Siedem razy zatrzymywany za kradzieże kieszonkowe
Kradł telefony komórkowe, portfele, dokumenty, pieniądze i karty płatnicze. 56-letni Henryk M. w ciągu ostatniego miesiąca był aż siedem razy zatrzymywany przez stołecznych wywiadowców. Działał najczęściej sam. Miejscem jego "pracy" były tramwaje. Poszkodowanymi byli najczęściej pasażerowie tramwajów kursujących przez Śródmieście i Ochotę. Mężczyzna nie zrezygnował ze swojej "działalności", mimo że po pierwszej kradzieży kieszonkowej został objęty dozorem policyjnym.
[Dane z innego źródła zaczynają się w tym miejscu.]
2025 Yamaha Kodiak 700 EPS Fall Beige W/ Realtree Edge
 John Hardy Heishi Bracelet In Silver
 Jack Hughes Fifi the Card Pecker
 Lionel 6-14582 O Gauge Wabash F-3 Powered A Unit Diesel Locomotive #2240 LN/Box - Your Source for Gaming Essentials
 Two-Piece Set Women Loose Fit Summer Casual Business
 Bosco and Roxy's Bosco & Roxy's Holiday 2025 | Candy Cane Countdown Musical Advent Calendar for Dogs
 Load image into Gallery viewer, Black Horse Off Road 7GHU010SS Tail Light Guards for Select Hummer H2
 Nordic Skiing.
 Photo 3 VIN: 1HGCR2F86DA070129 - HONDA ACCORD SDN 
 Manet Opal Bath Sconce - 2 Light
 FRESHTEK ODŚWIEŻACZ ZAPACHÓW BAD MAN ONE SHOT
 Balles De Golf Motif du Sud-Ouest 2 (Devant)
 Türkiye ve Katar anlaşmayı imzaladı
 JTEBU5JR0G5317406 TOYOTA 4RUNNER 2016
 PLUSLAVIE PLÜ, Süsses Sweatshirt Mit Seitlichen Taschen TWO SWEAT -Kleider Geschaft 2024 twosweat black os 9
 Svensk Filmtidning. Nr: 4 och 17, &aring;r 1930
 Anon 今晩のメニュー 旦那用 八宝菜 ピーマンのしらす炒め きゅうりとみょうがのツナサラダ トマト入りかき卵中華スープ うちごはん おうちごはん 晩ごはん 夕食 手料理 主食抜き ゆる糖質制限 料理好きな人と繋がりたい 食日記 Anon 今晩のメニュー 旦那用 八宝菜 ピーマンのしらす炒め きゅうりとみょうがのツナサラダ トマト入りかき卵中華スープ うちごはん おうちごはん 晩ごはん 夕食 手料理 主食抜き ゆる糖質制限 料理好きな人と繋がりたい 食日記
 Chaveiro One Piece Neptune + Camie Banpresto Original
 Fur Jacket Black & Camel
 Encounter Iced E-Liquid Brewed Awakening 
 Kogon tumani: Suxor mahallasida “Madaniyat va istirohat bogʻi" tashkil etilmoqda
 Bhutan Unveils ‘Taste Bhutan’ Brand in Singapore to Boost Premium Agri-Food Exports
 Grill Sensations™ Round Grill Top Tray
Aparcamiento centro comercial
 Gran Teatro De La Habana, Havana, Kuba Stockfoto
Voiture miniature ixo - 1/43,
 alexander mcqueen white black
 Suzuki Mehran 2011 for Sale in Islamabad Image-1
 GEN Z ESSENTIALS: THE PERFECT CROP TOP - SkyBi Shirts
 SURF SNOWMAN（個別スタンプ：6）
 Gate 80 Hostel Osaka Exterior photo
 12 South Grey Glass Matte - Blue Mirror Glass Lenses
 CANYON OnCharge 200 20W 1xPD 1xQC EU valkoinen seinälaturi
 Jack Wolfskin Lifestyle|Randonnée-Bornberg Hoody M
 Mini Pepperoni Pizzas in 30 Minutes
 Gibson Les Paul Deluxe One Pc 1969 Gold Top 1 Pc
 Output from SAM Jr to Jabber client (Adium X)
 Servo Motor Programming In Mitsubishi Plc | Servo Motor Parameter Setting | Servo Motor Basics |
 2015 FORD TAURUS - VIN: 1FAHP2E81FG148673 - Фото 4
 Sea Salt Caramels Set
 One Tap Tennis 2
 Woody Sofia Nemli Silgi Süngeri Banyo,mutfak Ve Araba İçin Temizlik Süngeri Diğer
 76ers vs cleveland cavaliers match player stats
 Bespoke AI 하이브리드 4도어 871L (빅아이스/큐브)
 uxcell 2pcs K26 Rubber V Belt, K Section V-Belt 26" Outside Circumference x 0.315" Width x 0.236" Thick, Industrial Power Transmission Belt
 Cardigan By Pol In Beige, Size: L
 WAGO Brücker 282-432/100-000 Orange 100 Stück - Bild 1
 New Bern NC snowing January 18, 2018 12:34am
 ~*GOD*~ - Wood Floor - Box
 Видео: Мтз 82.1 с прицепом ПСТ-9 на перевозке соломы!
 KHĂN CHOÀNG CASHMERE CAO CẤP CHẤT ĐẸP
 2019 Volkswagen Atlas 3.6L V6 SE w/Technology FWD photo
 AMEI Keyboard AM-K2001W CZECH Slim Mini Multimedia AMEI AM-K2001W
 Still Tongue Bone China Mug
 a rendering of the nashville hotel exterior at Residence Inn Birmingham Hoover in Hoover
56-letni Henryk M. siedem razy był zatrzymywany przez stołecznych wywiadowców. Każdym razem za kradzieże kieszonkowe. Najczęściej wpadał w tramwajach, w których okradał pasażerów z portfeli, dokumentów, pieniędzy, kart płatniczych, telefonów komórkowych. Mężczyzna zazwyczaj działał sam.
56-latek, mimo że po pierwszej kradzieży został objęty policyjnym dozorem, nadal "trudni się" kradzieżami kieszonkowymi. Działa przede wszystkim w Śródmieściu, ale był również zatrzymywany na Ochocie i Woli.
Jedno ze zdarzeń miało miejsce tramwaju linii 25 na odcinku Pl. Zawiszy - Pl. Narutowicza. Policyjni wywiadowcy zauważyli dwóch mężczyzn, którzy bacznie obserwowali stojącą przed nimi kobietę. W pewnym momencie jeden z nich, najpierw rozsunął suwak w jej plecaku, a następnie wyjął z niego portfel z pieniędzmi. Działali tak szybko, że kobieta nie zorientowała się, że została okradziona.
Kobieta dowiedziała się o tym kilka minut później od policyjnych wywiadowców, którzy odzyskali jej skradzione pieniądze.